A 2018 study of young people in the Netherlands published by Poetic found the type of music people relate to being good for sex depends on how the music makes them feel.
"There were moments in which our young respondents talked about the sound and lyrics of the music and how they resonated with their conceptions of good sex, but most of the time the discussion hinged on the way they felt when the music played and how they actually used the music to move from one emotional, cognitive and physical state into another," wrote the researchers on the study.
Tickoo added, "The amygdala is responsible for creating memories and emotions associated with songs. This is why everyone has a unique taste of music that helps them relax, vibe or feel sexy. One is more likely to find those songs sexy which boost their confidence and self-esteem and help them relax."
Can listening to music increase our sex drive?
Listening to music can increase your sex drive and experience during sex, if you let it.
"The auditory sense is highly underrated and should be incorporated for a multi-sensory sex-perience," Tickoo said. "In fact, I encourage my clients to curate playlist(s) that help them relax and feel sexy as their experiences grow. This could be a fun partnered bonding activity, too, where you all can learn about each other's taste in music and find a middle ground that helps you all get in the mood to groove!
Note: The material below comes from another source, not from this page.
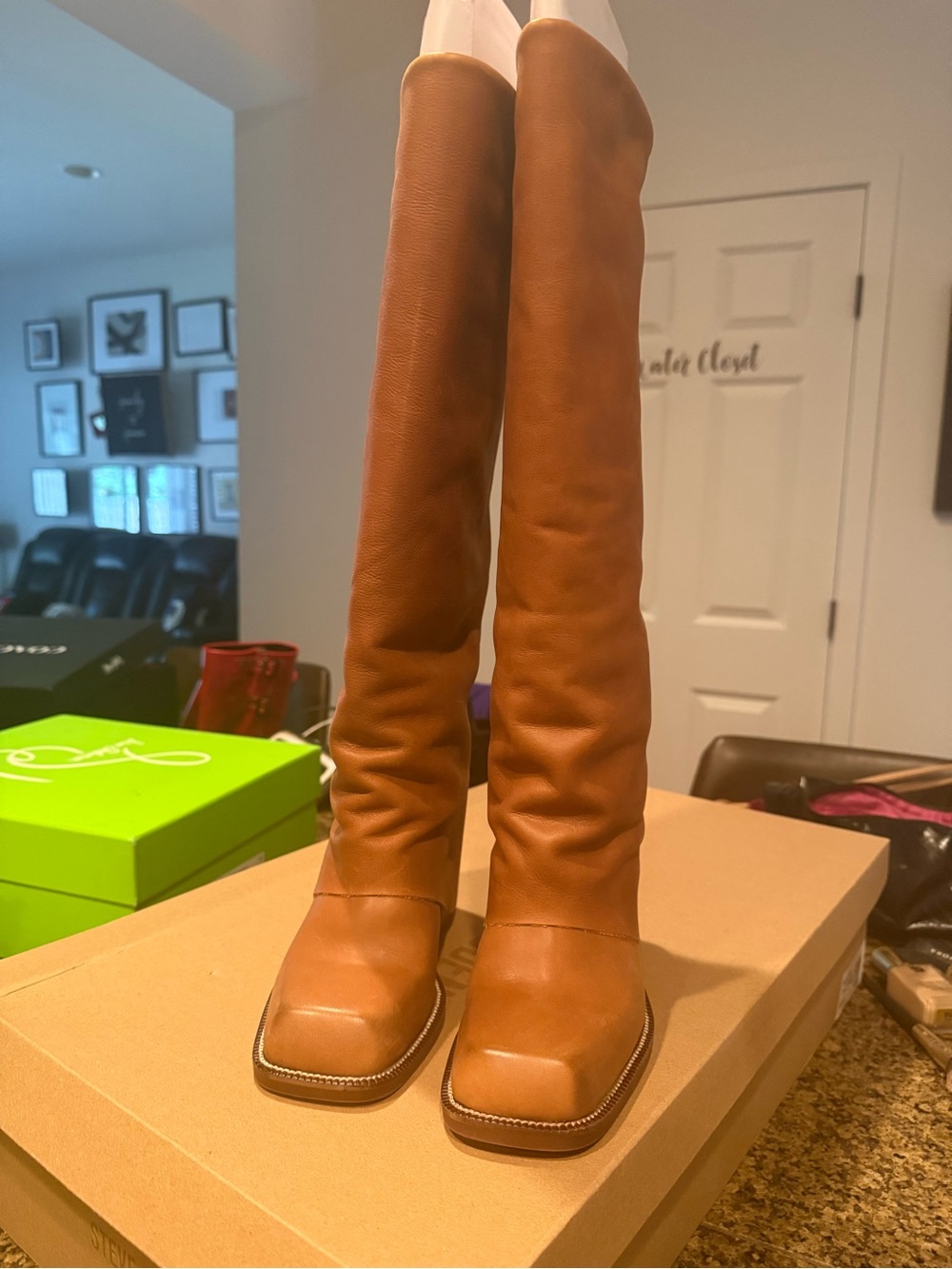 Steve Madden Tall Cognac Leather Block Heel Boots size 6 - Picture 2 of 5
Not only does this help in breaking communication barriers, but also helps with enhancing partnered intimacy."
Keep in mind, not everyone will find music sexy, so you have to communicate with your partner beforehand to ensure you're meeting both of your needs.
"People grow up listening to different kinds of music and associating it with different emotions and memories, which means music not only contributes to enhance physical arousal, but also to regulate emotional arousal," Tickoo said. "Hence, it is important to learn the importance of music in one's life and how it influences their sexual drive.
"Desire is a unique and complex element of sexuality—what works for one may not work for others."
That said, if your favorite song comes on, embrace it. Create your own sexy playlist with a partner to make intimacy feel more pleasurable and rewarding—you won't regret it.